JP5897372B2 - Electrochemical gas sensor, method for selectively detecting CO and H2, and method for modifying electrochemical gas sensor - Google Patents

Description

  The present invention relates to an electrochemical gas sensor, and more particularly to identifying and detecting CO and H2.

  The inventors have proposed diagnosing an electrochemical gas sensor by complex impedance (Patent Document 1 Japanese Patent Laid-Open No. 2011-158468). In an electrochemical gas sensor, a detection electrode and a counter electrode are provided on both surfaces of a separator or a solid electrolyte membrane that holds a liquid electrolyte. And in patent document 1, the complex impedance between a detection electrode and a counter electrode is measured. When condensation or the like occurs in these members and the gas diffusibility is lowered, the real part of the complex impedance is lowered and can be detected.

  Patent Document 1 intends to diagnose the state of an electrochemical gas sensor by measuring impedance, and does not intend to positively reform the electrochemical gas sensor.
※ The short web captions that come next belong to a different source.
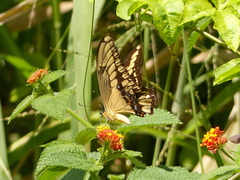 Heraclides thoas brasiliensis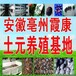 防止土元螨虫的6大措施安庆土元养殖
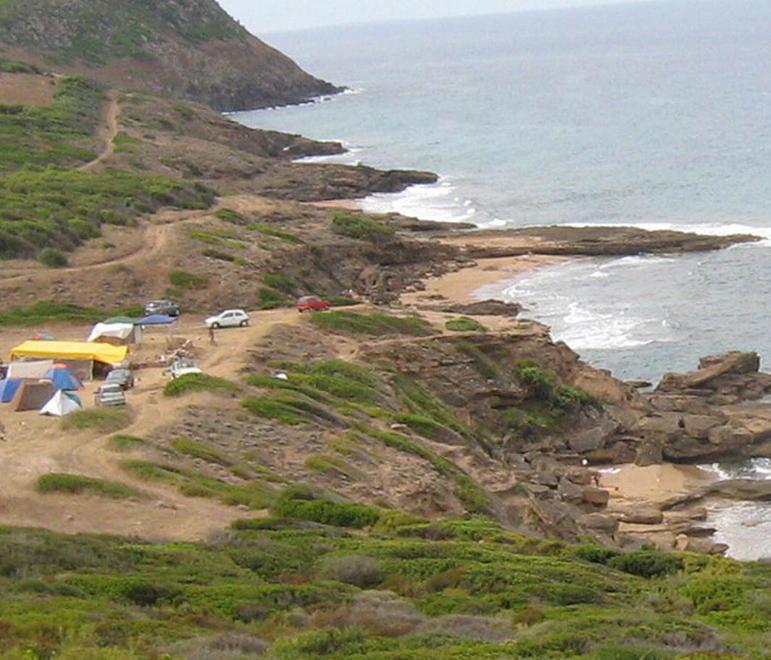 Porte aperte in biblioteca per vedere “I tesori dell’isola”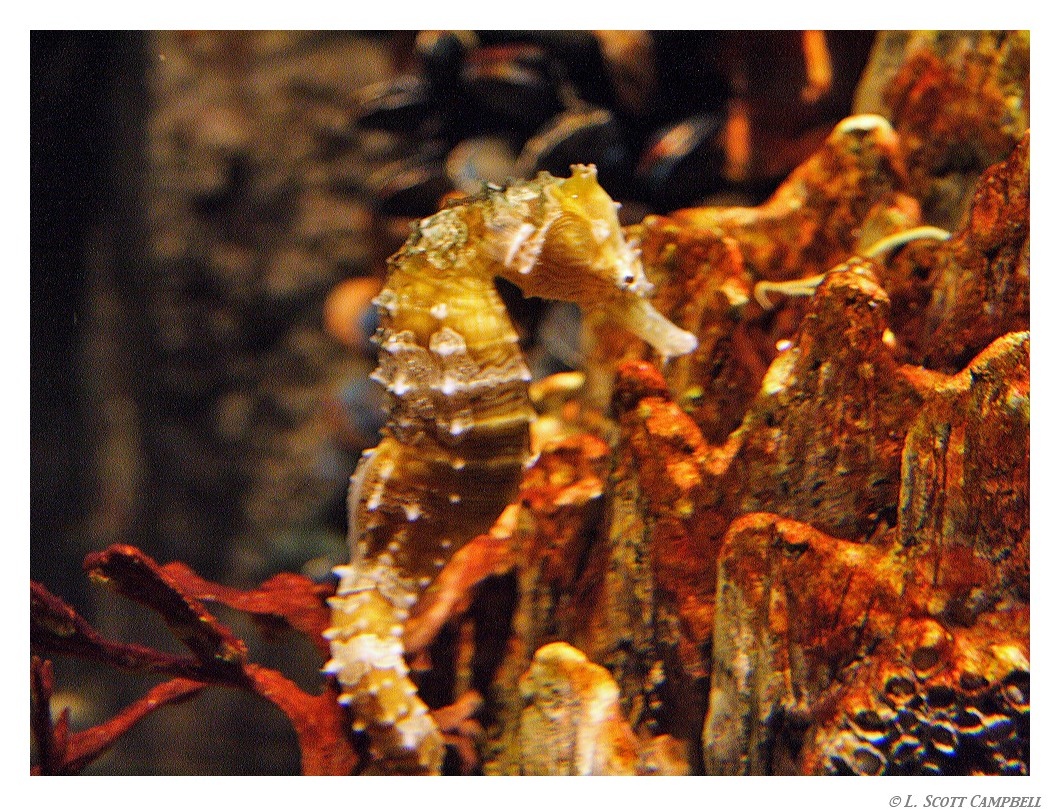 Seahorse.8126.jpg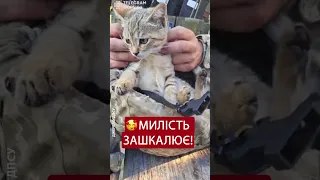 😍Лише гляньте! БОЙОВИЙ КОТИК на службі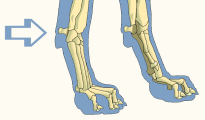 Carpals of Dog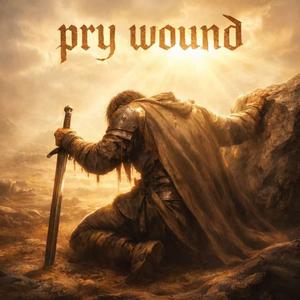 pry wound（prod by undislove）
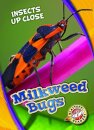 Milkweed Bugs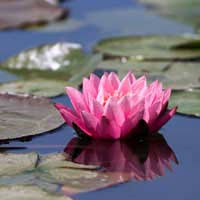 Make it a real garden: Plants For A Small Garden Pond Pond Expert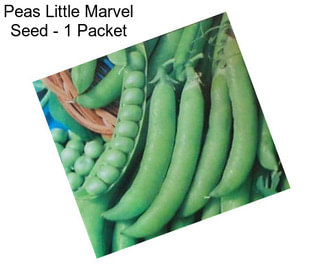 Peas Little Marvel Seed - 1 Packet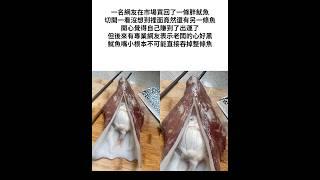 魷魚遊戲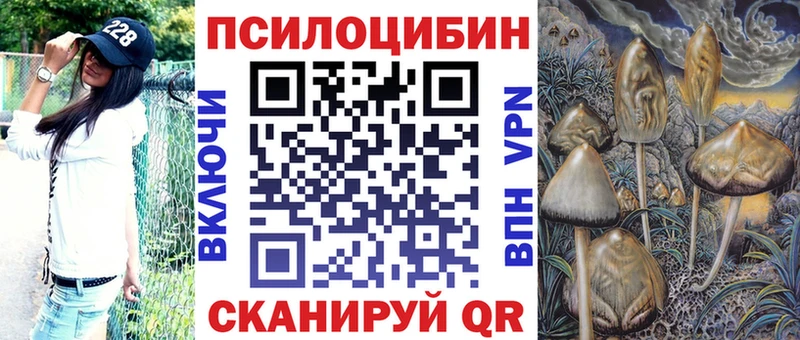 Галлюциногенные грибы Psilocybe  Коломна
The inventor studied changing the gas sensitivity by applying a direct current or a direct voltage to the electrochemical gas sensor, and reached the present invention.

JP2011-158468

  An object of the present invention is to generate outputs in opposite directions from CO and H2 from an electrochemical gas sensor.

The present invention relates to an electrochemical gas sensor in which a detection electrode is provided on a detected atmosphere side of a separator or a solid polymer proton conductor film holding a liquid electrolyte, and a counter electrode is provided on a reference atmosphere side. Is characterized in that the current flows from the counter electrode to the detection electrode and the current flows in the CO from the detection electrode to the counter electrode.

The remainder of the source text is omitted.